[TO DO] With the pictures omitted, set down exactly the lines from the one that contains "Vintage Chinese Cloisonné" through the last line of the data.

Short text fragments from websites

■ ■ ■

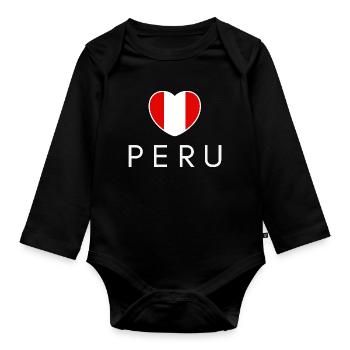 Heart with Peru flag, Peruvian pride - Organic Longsleeve Baby Bodysuit - black - Front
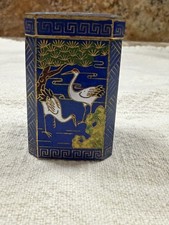 Vintage Chinese Cloisonné Enamel Crane Trinket Box Handcrafted Marked picture
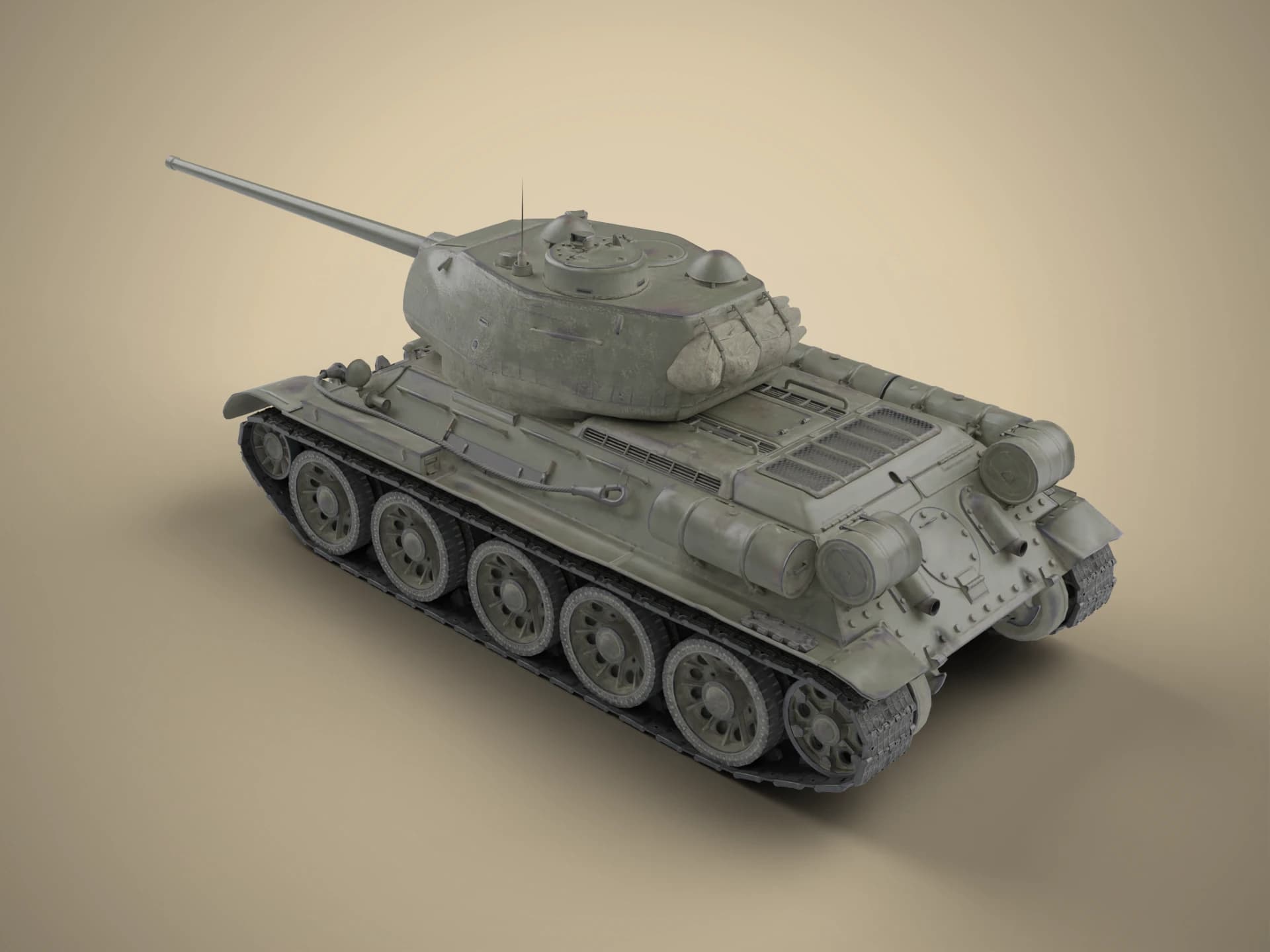 T-34-85 Soviet Tank 3D Model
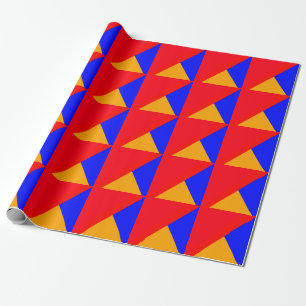 Red Blue yellow triangle abstract geometric Wrapping Paper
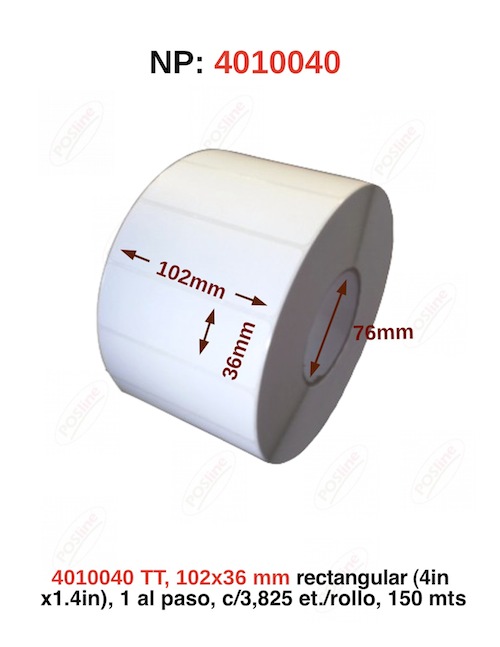 transferencia termica , 102x36mm rectangular  (4inx1.4in), 1 al paso, c/3,825 et./rollo, 150 mts., 4010040, posline, barware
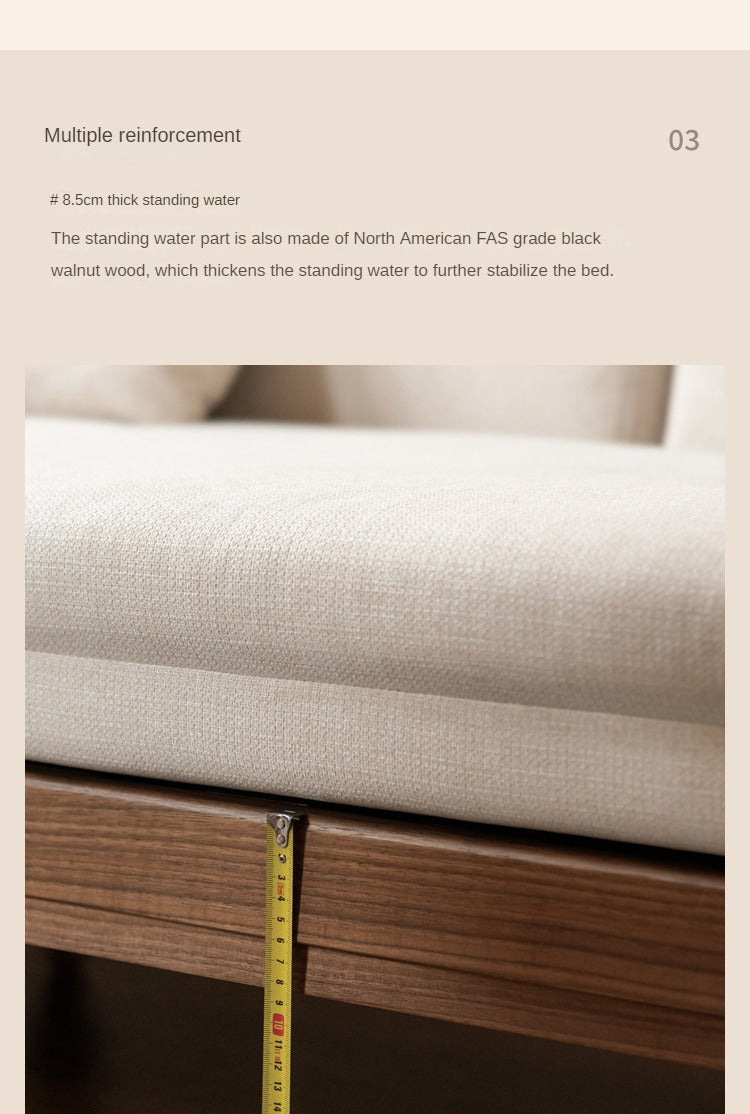 Black Walnut, Oak Solid Wood Foldable Sofa Bed.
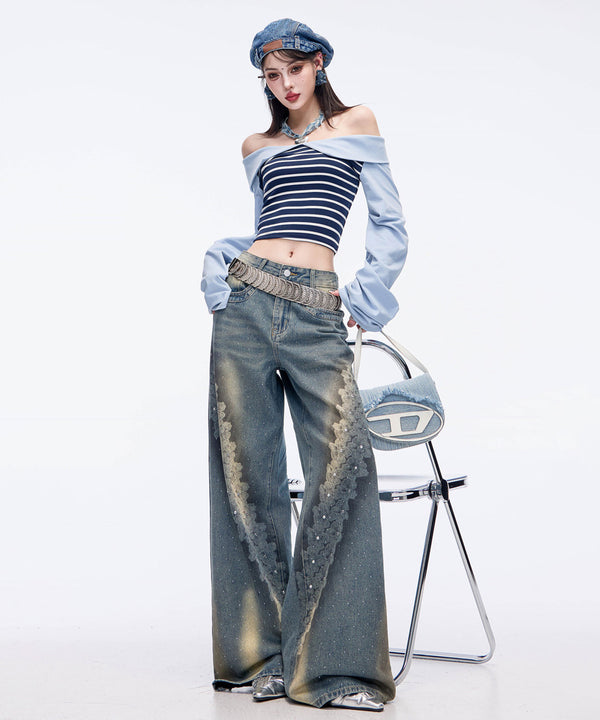 Crystal Dust Washed Wide Denim Pants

■ ■ ■

[EXPECTED ANSWER]
 Vintage Chinese Cloisonné Enamel Crane Trinket Box Handcrafted Marked picture
 T-34-85 Soviet Tank 3D Model
 Red Blue yellow triangle abstract geometric Wrapping Paper
 transferencia termica , 102x36mm rectangular  (4inx1.4in), 1 al paso, c/3,825 et./rollo, 150 mts., 4010040, posline, barware
 Black Walnut, Oak Solid Wood Foldable Sofa Bed.
 Crystal Dust Washed Wide Denim Pants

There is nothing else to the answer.